My hon. Friend makes an important point. We want to go with the grain of human nature, which means that, when it is time to replace a gas boiler, the heat pump is a competitive option in terms of price. That is why we think the cost of heat pumps can reduce by 25% to 50% by 2025. We have our £450 million boiler upgrade scheme to provide capital grants of up to £6,000, and that is in addition to the zero per cent rate of VAT on installation.
As we transition away from gas, hydrogen—in particular green hydrogen generated by renewable sources such as that at Scout Moor wind farm in my Heywood and Middleton constituency—gives the UK the unique opportunity to become an exporter of energy. Does my right hon. Friend agree that that is good not just for our economy and energy security, but for communities such as Heywood and Middleton where it will create new and exciting jobs?
My hon. Friend is a doughty champion for his constituency and for the hydrogen sector. I was at the global hydrogen summit about three weeks ago where exactly the possibility of hydrogen exports was very much the topic of the day. That is why we have doubled the ambition in our British energy security strategy to go to 10 GW of low-carbon hydrogen production by 2030, which will provide fantastic opportunities right the way across the country, notably in his constituency as well.
I am very keen to help the Government find viable paths to net zero, which is why I took a meeting with a firm that has developed a route to continuous power from tidal basins. Can I bring those people to meet my right hon. Friend to discuss how that solution, remarkable as it is, produces continuous, not intermittent, net zero power, so that he can learn more about what could be done?
I thank my hon. Friend for his continued interest in all matters relating to net zero. My door is always open to him, particularly in bringing innovative proposals on how we will get to net zero. He will know that the Government have invested more than £175 million in tidal energy projects in the past two decades and we have £20 million allocated in the current allocation round for the contracts for difference for tidal stream power.

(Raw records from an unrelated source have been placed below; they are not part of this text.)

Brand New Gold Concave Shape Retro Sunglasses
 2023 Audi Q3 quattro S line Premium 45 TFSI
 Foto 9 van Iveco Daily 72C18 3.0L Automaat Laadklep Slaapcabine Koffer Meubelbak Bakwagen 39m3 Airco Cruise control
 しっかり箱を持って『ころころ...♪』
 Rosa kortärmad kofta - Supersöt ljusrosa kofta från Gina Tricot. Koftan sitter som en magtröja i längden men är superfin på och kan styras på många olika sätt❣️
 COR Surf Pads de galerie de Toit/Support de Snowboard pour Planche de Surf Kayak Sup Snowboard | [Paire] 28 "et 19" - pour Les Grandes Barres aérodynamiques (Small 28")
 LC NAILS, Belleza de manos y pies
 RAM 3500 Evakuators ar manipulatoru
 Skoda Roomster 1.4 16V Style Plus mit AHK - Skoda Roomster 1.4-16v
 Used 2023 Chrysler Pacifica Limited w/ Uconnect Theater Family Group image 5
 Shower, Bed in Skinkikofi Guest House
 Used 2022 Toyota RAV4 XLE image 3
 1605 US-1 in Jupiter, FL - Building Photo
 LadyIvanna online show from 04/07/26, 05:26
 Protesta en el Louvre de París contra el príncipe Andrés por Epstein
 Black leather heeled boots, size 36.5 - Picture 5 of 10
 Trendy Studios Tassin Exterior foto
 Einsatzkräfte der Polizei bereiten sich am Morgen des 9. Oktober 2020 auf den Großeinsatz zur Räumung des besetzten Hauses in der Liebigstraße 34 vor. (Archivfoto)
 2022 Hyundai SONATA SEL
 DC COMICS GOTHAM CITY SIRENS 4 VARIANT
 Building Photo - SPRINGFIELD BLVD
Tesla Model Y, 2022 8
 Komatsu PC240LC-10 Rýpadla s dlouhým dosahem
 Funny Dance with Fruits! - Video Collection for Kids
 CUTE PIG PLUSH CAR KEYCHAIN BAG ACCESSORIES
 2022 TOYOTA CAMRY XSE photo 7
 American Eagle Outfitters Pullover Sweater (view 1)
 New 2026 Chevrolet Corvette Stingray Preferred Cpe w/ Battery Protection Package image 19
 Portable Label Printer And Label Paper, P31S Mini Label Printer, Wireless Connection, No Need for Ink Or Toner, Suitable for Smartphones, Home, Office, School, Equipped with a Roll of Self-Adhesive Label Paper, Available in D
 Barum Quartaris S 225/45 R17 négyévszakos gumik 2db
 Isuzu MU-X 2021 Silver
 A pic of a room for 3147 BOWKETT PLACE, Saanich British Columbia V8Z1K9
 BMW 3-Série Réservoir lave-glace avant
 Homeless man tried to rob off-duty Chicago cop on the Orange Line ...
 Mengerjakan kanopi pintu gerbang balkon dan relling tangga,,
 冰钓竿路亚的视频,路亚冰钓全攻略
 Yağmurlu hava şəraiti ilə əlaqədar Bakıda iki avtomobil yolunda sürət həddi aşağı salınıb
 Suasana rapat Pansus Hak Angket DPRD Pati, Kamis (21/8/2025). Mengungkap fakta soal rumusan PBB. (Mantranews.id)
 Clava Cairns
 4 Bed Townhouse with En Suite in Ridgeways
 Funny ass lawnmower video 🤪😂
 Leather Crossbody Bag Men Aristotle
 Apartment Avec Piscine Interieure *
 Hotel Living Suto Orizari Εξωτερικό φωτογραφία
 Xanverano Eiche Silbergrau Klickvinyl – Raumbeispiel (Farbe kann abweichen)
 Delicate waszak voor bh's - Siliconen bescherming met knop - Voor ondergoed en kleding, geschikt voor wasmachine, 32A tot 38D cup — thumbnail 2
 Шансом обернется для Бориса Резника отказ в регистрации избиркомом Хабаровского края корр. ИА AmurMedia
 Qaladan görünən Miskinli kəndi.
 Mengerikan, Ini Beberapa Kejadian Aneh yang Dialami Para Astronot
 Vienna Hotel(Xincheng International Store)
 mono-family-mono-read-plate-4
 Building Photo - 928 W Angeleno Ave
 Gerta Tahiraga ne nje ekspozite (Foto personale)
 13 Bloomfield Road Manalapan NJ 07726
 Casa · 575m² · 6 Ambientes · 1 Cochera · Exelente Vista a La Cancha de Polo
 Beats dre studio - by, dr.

I call the Chair of the Business, Energy and Industrial Strategy Committee.
Yesterday, a Treasury Minister was unable to confirm whether the climate compatibility checkpoint would be applied to the recent tax cut for the oil and gas industry investing in further drilling. Can the Minister today confirm whether that climate checkpoint will apply to existing investment decisions and not just future investment decisions after the checkpoint has been introduced?
As the Financial Secretary to the Treasury said yesterday, that consultation on the climate compatibility checkpoint has closed and the Government will be responding to that consultation in due course.
A recent Public Accounts Committee report on net zero highlighted the real challenge of getting consumers onboard. Going net zero and embracing low- carbon technologies cannot be a preserve of the wealthiest and there needs to be much more work by Government. What are the Government doing to ensure that consumers are supported to make green choices?
The hon. Lady raises some very good points. I am looking forward to appearing before the House of Lords Committee on this very topic on Thursday. I am sure that her Committee has done important work on this. We want to make this process as affordable as possible for people. That is why we have introduced the boiler upgrade scheme. That is why we are spending £6.6 billion of public money in this Parliament on energy efficiency, making sure that those options are there and are affordable. That is one of our key aims, particularly if we are to get to 600,000 heat pumps per annum by 2028.
The Minister may know that our gas pipes are capable of taking 40% hydrogen, as they did with coal gas. Will he meet me and also Professor Andrew Barron who works at Swansea University, which is pushing forward technology to take the hydrogen produced by renewable wind farms off peak, converting it and putting it into the gas grid and therefore reducing the carbon footprint of boiling an egg by 40%. Surely that is the best way forward in the short term to reduce our carbon footprint.
The hon. Gentleman raises a good point. Late last year when I visited the Whitelee wind farm just south of Glasgow, the UK’s largest onshore wind farm and the second largest in Europe, I saw for myself the potential there for renewable energy to convert to hydrogen. The UK Government announced a facility to assist with that. Blending is also an important aspect that we will actively be looking at. Of course we will have a number of other important uses of hydrogen, notably in maritime, transportation and the decarbonisation of industry, and those are all in the frame for consideration for what will undoubtedly be our big need for hydrogen in the future.